*Problem details*:
Where the lines below hold images, skip those and copy every word exactly.

START Information supplied

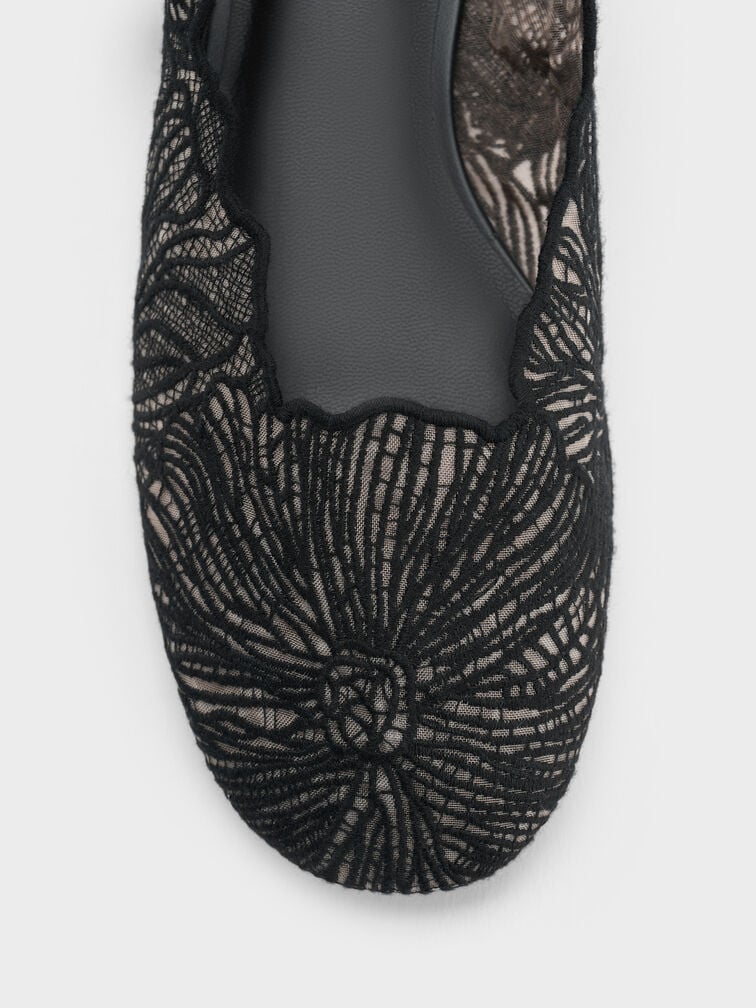 Meja Floral Mary Jane Flats, Black Textured, hi-res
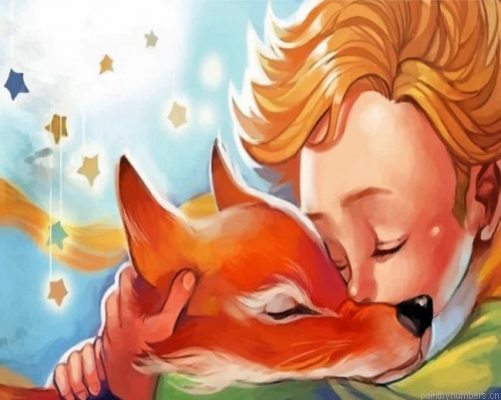Little Prince Hugging Fox Painting By Numbers.png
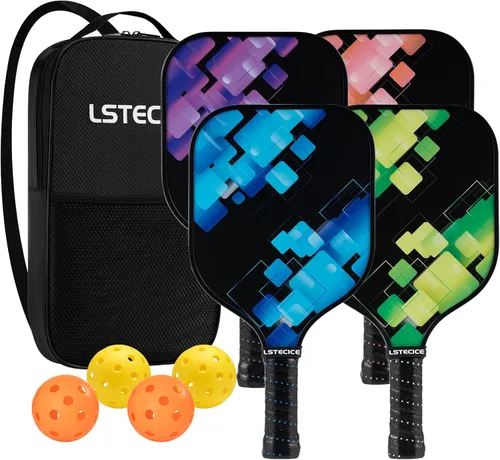 Pickleball Paddles Set of 4, Fiberglass Pickleball Paddles with Honeycomb Core, Lightweight Pickleball Set with Balls & Bag for Men, Women &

END Information supplied

*Problem solution*:
 Meja Floral Mary Jane Flats, Black Textured, hi-res
Little Prince Hugging Fox Painting By Numbers.png
 Pickleball Paddles Set of 4, Fiberglass Pickleball Paddles with Honeycomb Core, Lightweight Pickleball Set with Balls & Bag for Men, Women &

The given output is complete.